A invasão do território brasileiro teve início em 1624 com a tomada da capital da colônia, Salvador que durou um ano até serem expulsos pelas forças do recôncavo e desde então diversas batalhas foram travadas na baía de Todos os Santos na tentativa holandesa de retomar o domínio da cidade mais importante da colônia na época.

Em 1645 Portugal sob o comando de D. João IV, primeiro da dinastia dos Bragança, mobilizou os colonos a se revoltarem contra os holandeses enquanto enviava tropas para retomarem o domínio do território instaurando um período de batalhas que ficou conhecido como Guerras Brasilicas.
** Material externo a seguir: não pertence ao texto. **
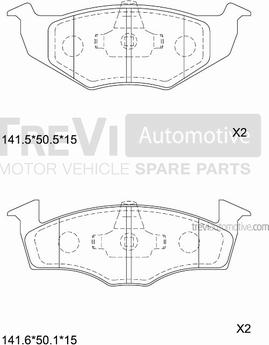 Trevi Automotive PF1032 - Тормозные колодки, дисковые, комплект autospares.lv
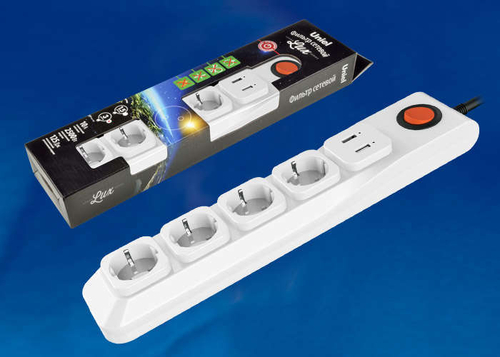 S-GSL5-3U WHITE Cетевой фильтр серии Lux, 3м (Пвс 3*0,75), 4 гнезда, с/з, 1USB (1A). 10А. Защита от перенапряжения, короткого замыкания. TM Uniel.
Em 28 de setembro de 1648, ao mesmo tempo em que os holandeses estavam sendo derrotados na Batalha dos Guararapes a frota holandesa do almirante Witte Corneliszoon de With formada pelas belonaves de guerra fortemente armadas nau-capitânia Brederods, o galeão Huys Van de Nassau, o galeão Wappen Van Nassau, o Gysseling, o Overijssel, o Harlen, o E.Zupthen e o Utrecht escondidas onde hoje está situada a praia de Caixa-Pregos surpreendeu a esquadra portuguesa sob o comando de Luís da Silva Teles, que trazia a bordo o novo Governador Geral do Brasil, D. Antônio Teles de Meneses, Conde de Vila Pouca de Aguiar.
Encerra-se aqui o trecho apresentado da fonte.